#### [ACTIVITY]
Taking the data below, please print only the lines from the line holding "Mid Century Modern" to the line holding "Uretti - Eylem", inclusive, with pictures omitted.

#### [DATA EXCERPTS]
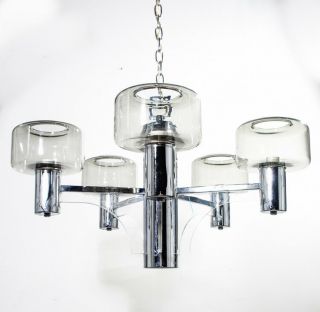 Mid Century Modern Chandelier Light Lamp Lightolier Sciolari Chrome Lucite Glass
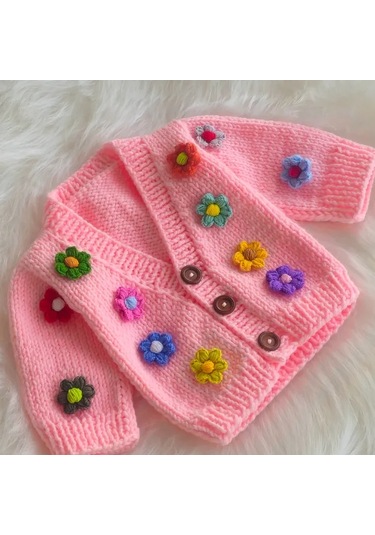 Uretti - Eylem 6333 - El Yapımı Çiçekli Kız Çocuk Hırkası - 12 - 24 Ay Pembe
* * *
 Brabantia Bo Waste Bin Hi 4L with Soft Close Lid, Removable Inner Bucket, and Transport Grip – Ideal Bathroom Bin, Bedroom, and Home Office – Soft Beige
---
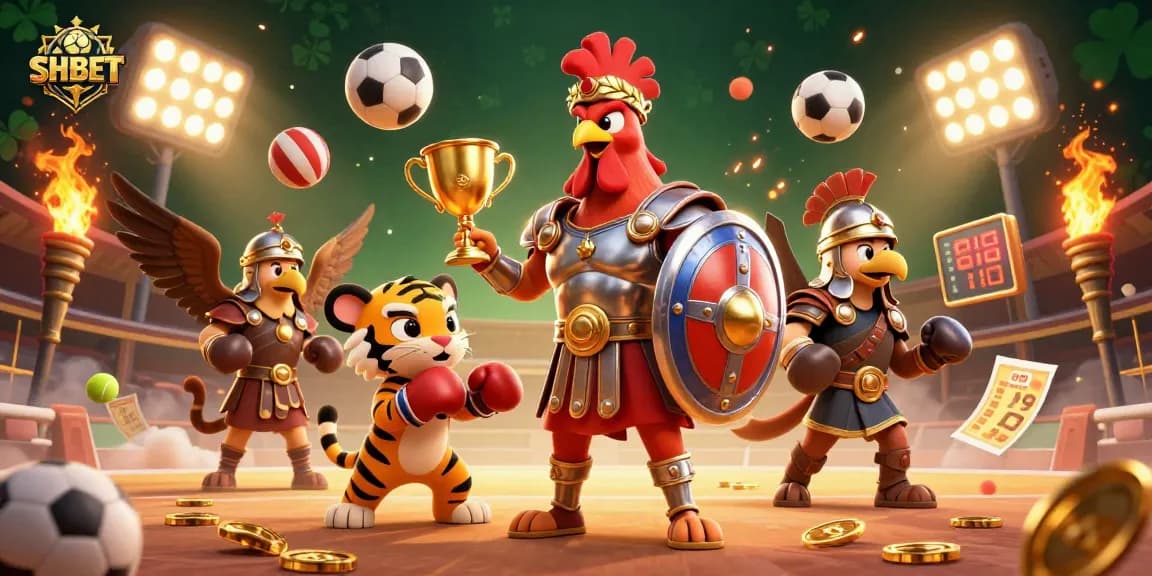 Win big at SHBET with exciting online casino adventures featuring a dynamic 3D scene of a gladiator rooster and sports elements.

#### [WRITTEN RESPONSE]
 Mid Century Modern Chandelier Light Lamp Lightolier Sciolari Chrome Lucite Glass
 Uretti - Eylem 6333 - El Yapımı Çiçekli Kız Çocuk Hırkası - 12 - 24 Ay Pembe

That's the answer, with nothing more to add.